Accessibility | Terms of Use | Privacy Policy | Modern Slavery Statement

This week in tax: HMRC reveals estimated £1bn R&D tax fraud

HMRC 2000x.jpeg

HMRC also substantially revises its fraud estimate for 2021/22, while Colombia prepares to host a Latin American tax summit that could be pivotal in the UN’s powerplay.

HM Revenue and Customs published its annual report for 2022/23 on Monday, July 17, with the revelation of an estimated £1 billion ($1.2 billion) of erroneous and fraudulent claims under the research and development tax relief scheme.

The revenue service also revised its 2021/22 estimate of error and fraud from £338 million to £1.1 billion. At the same time, HMRC reported it has improved on tax compliance and enforcement, with an estimated tax gap of 4.8%.

Investigative think tank TaxWatch has claimed this means HMRC has underestimated the scale of R&D tax fraud in the past. Nevertheless, HMRC said it has raised £34 billion in additional revenue by tackling tax avoidance and evasion.

Colombia set to host Latin American tax summit

The Colombian government is preparing to host the Latin American tax summit next week in Cartagena on Thursday, July 27, and Friday, July 28.

Colombia may be preparing the ground for alternative proposals to the OECD’s international tax reforms. This conference is the first of its kind and could mean Latin American countries will make more demands on the OECD as it tries to finalise the two-pillar solution.

In September 2022, Colombia was the first Latin American country to announce its support for a UN tax convention. A bloc of African countries later tipped the UN General Assembly vote in favour of the proposal in November.

Germany’s tax revenue down in June

Germany’s tax revenue fell by 7.3% across the board in June compared to last year, the Ministry of Finance said yesterday, July 20.

The reduction was felt by both federal and regional state governments and represents a total of €86.39 billion ($96.71 billion).

The ministry said this was partly due to tax relief measures introduced to compensate for inflation.

Total revenue for the first half of 2023 was down 2% compared with last year, standing at €399.75 billion ($346 billion).

However, experts have forecast that Germany’s total tax revenue for 2023 will be 2.9% higher than in 2022, suggesting a substantial increase in the last six months of the year. This assumes a total revenue of €838.19 billion for 2023.

The ministry also said that the decrease in revenue could be partly explained by “a special effect that increased last year’s baseline for import VAT revenue”, which once accounted for would lower this June's reduction from 7.3% to just 3.5%.

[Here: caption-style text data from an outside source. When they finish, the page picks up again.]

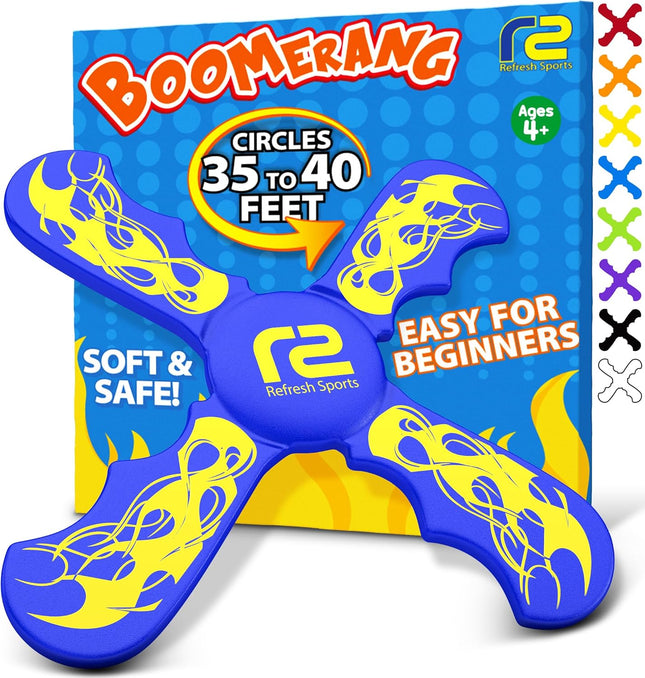 Fun Boomerang for Kids – Soft Outdoor Toy, Best Gift for Ages 6–12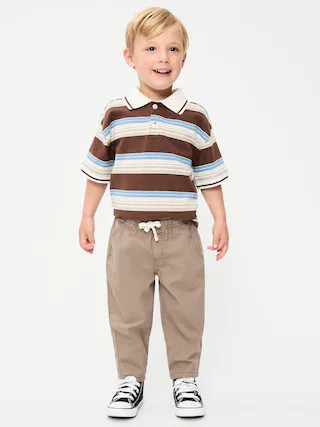 Pull-On Barrel-Leg Pants for Toddler Boys | Old Navy (US)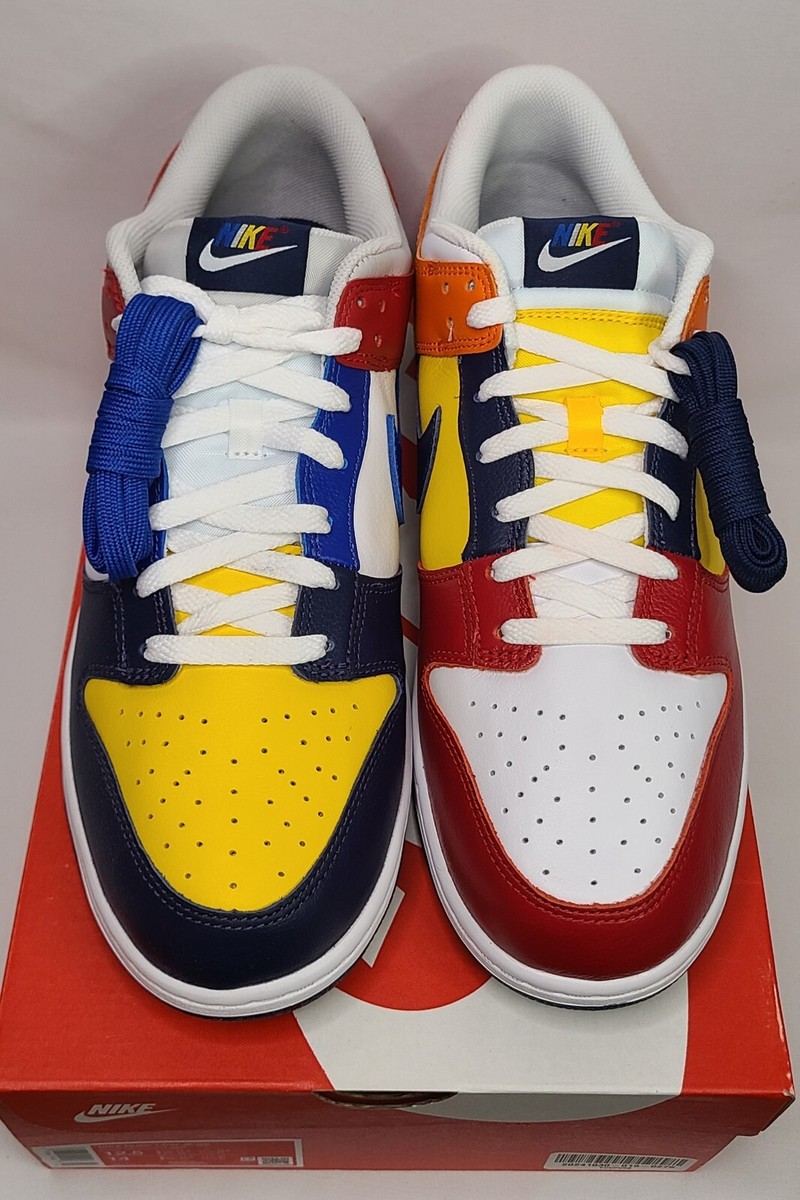 Nike Dunk Low CO.JP What The Dunk | Mens Size 12.5 | Navy Red Grey Orange P. Rod | eBay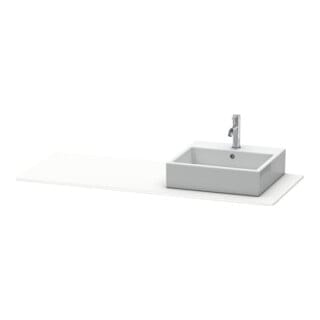 Duravit Konsole XSquare 140x55x1,6cm, m 1 AS, AS re, we matt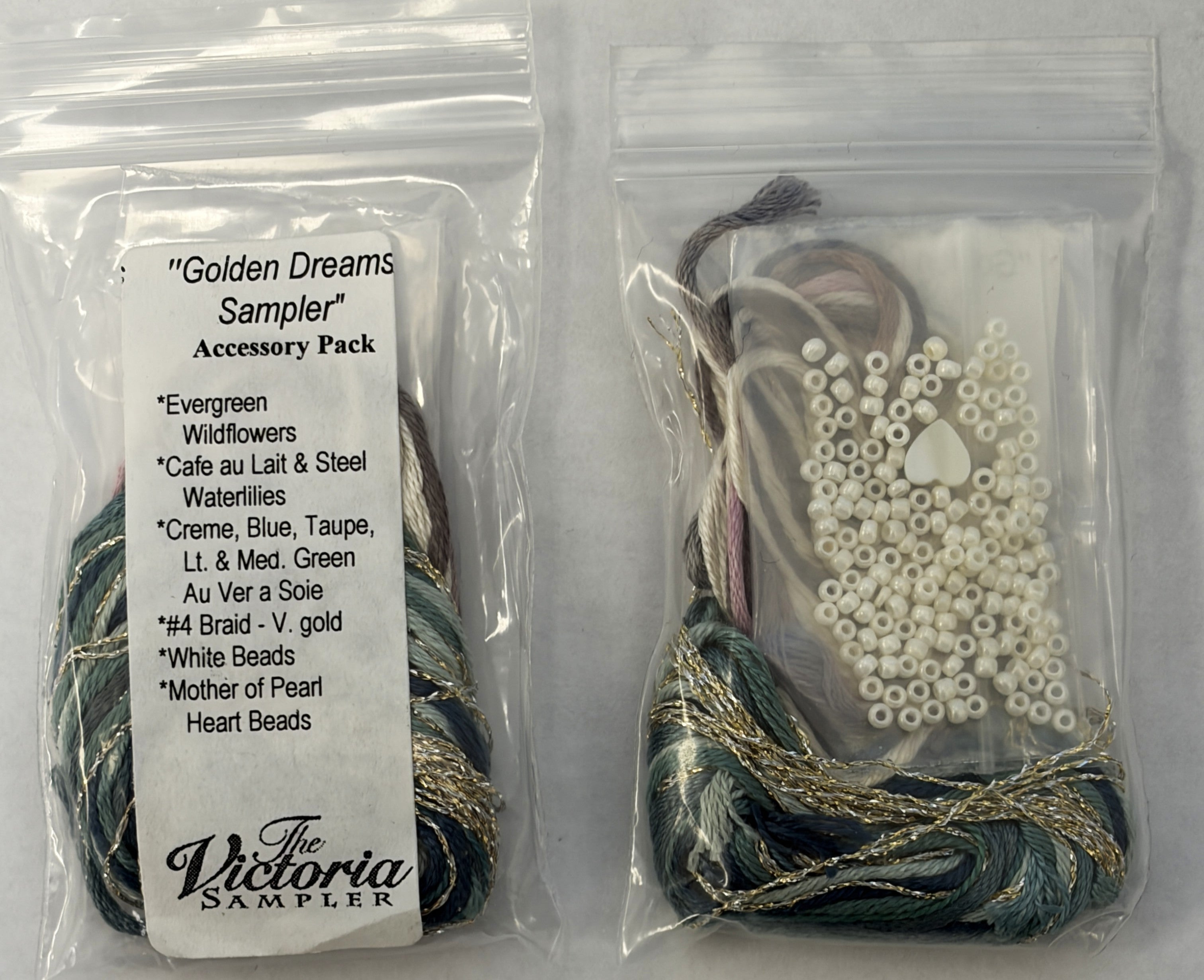The Victoria Sampler - Golden Dreams Sampler Accessory Pack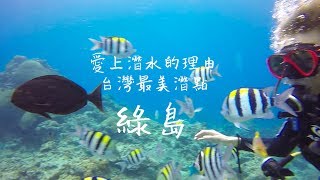 【#祖琪台東遊 】愛上潛水的理由- 台灣最美潛點綠島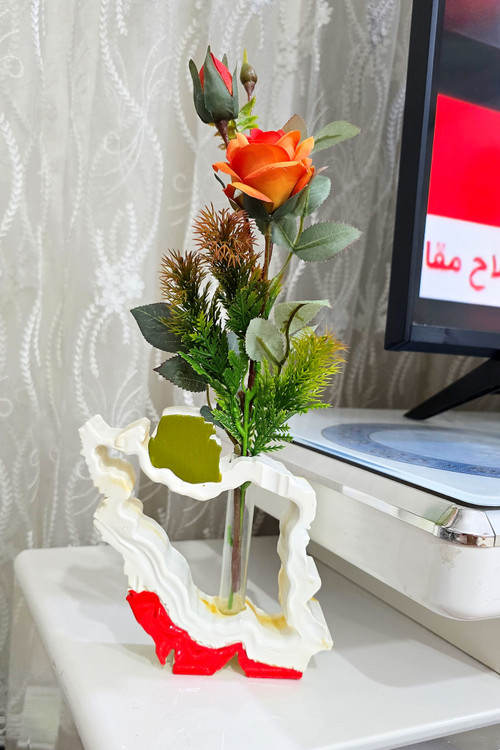 گلجای ایران، گلدان شیشه ای سنگی، پرچم ایران، در فروشگاه دکوزین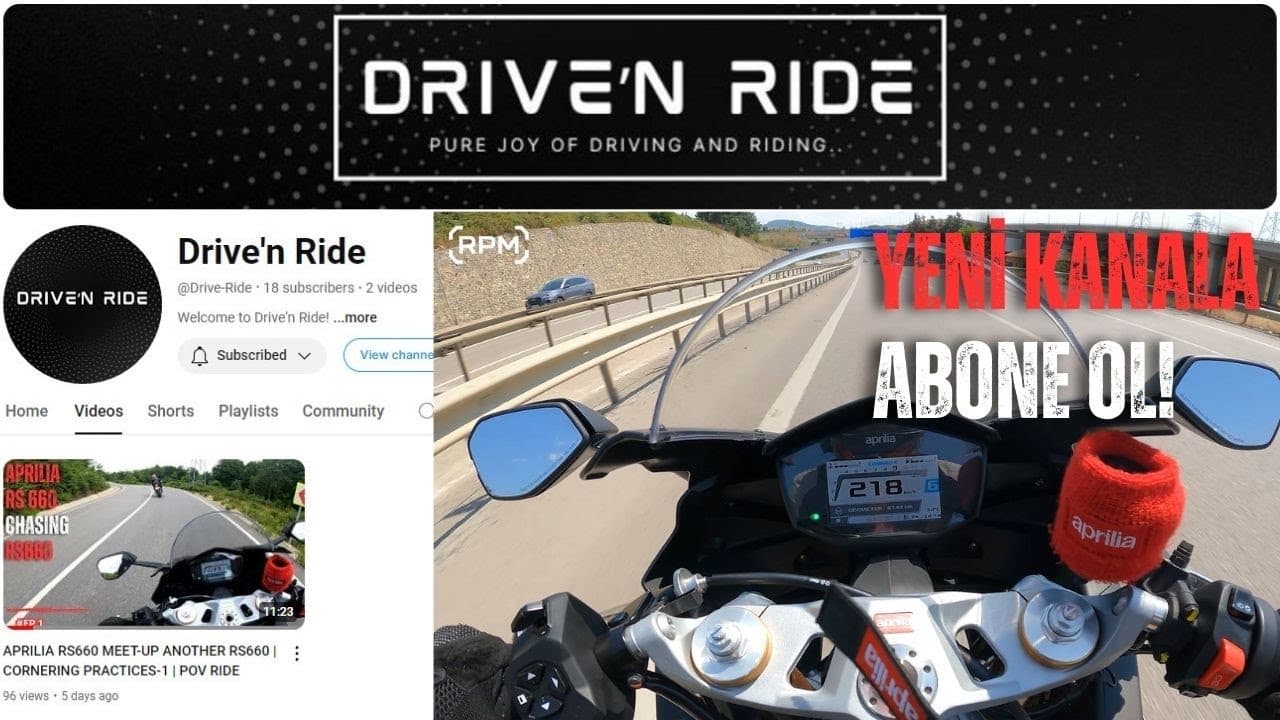 YENİ KANAL @Drive-Ride  | SICAKTA BUFF TAKMAK | APRILIA RS 660 MOTOVLOG | [RPM]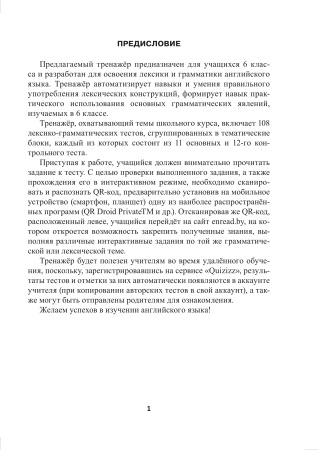 Тренажер. Английский язык. 6 класс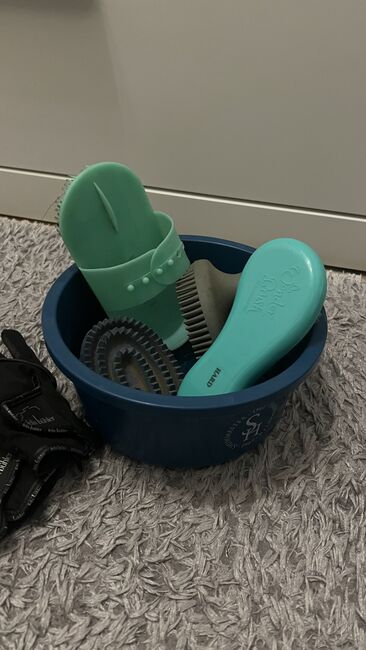 Kleines Bürstenset mit Handschuhen (Perfektes Set für Kinder!), Victoria, Czyszczenie konia, Wien, Floridsdorf, Image 2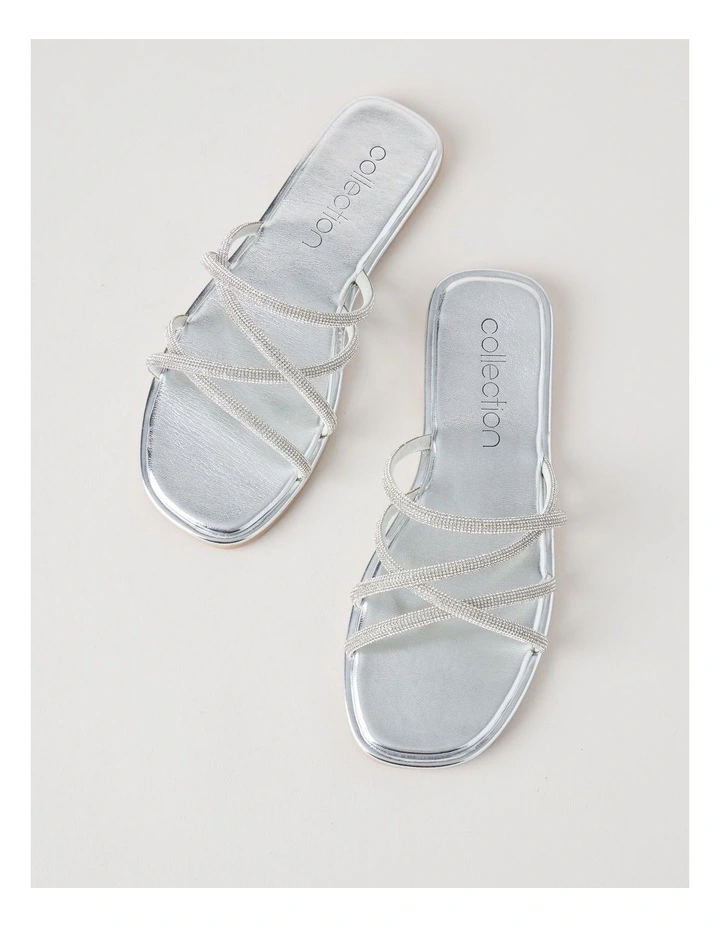Tilli Sandal in Silver image 6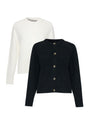 Black & Cream Button Up Knitted Cardigans (2 Pack)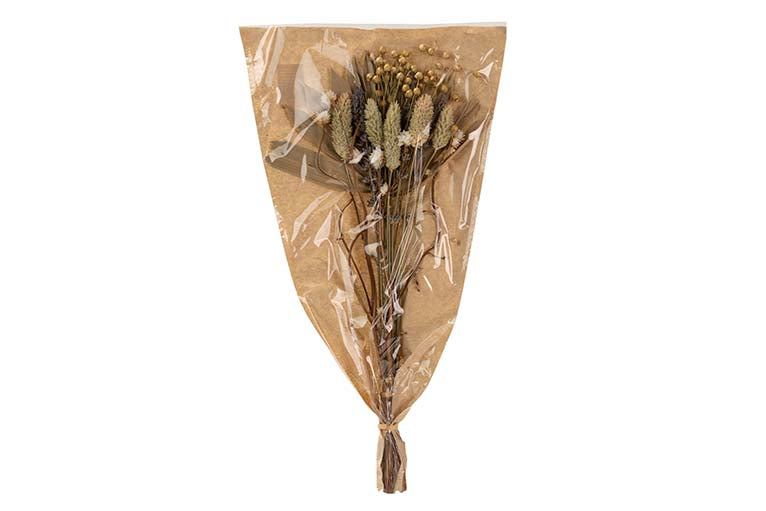 BOUQUET FLORES SILVERESTRES PRESERVADAS 26x15x43CM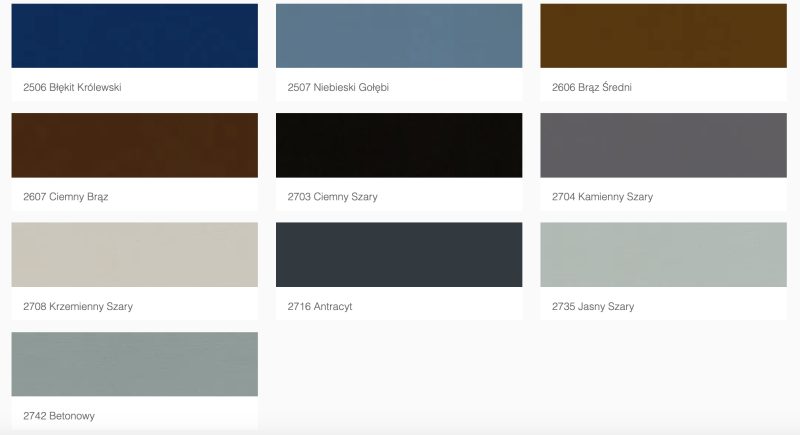 Osmo Olej Kryjący Zewnętrzny - Ochrona drewna KOLORY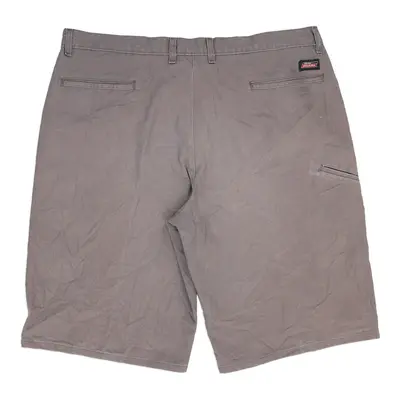 Heavily Worn Dickies Shorts - 40W 12L Grey Cotton Blend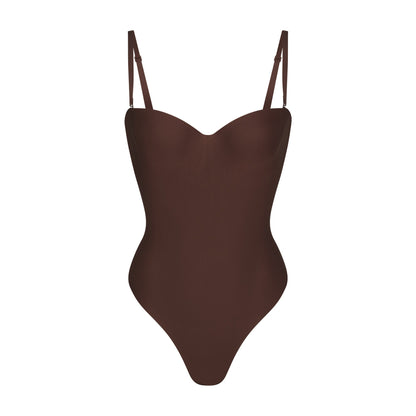 Skims Skims Body Underwire Thong Bodysuit Cocoa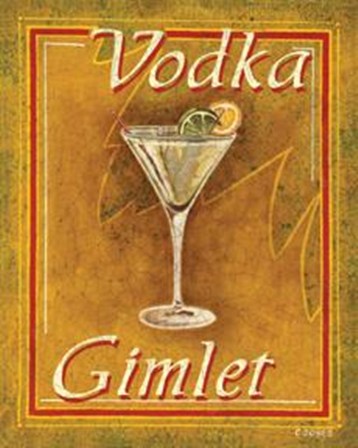 Vodka Gimlet by Catherine Jones art print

Door opens for Biden to negotiate Taiwan tax deal

The US House of Representatives passed legislation on Wednesday, July 19, that will allow President Joe Biden’s administration to negotiate a tax agreement with Taiwan.

Top US lawmakers praised the legislation as a way to increase investment between the two nations as well as reduce the risk of Chinese aggression towards Taiwan, reported Reuters.

House Foreign Affairs Committee Chairman Michael McCaul said: “In addition to the advantages we will receive from more investment from Taiwan, this is another important step in safeguarding Taiwan and maintaining peace and stability in the Indo-Pacific.”

The lack of a tax agreement has meant that businesses operating between the US and Taiwan have sometimes been hit by double taxation.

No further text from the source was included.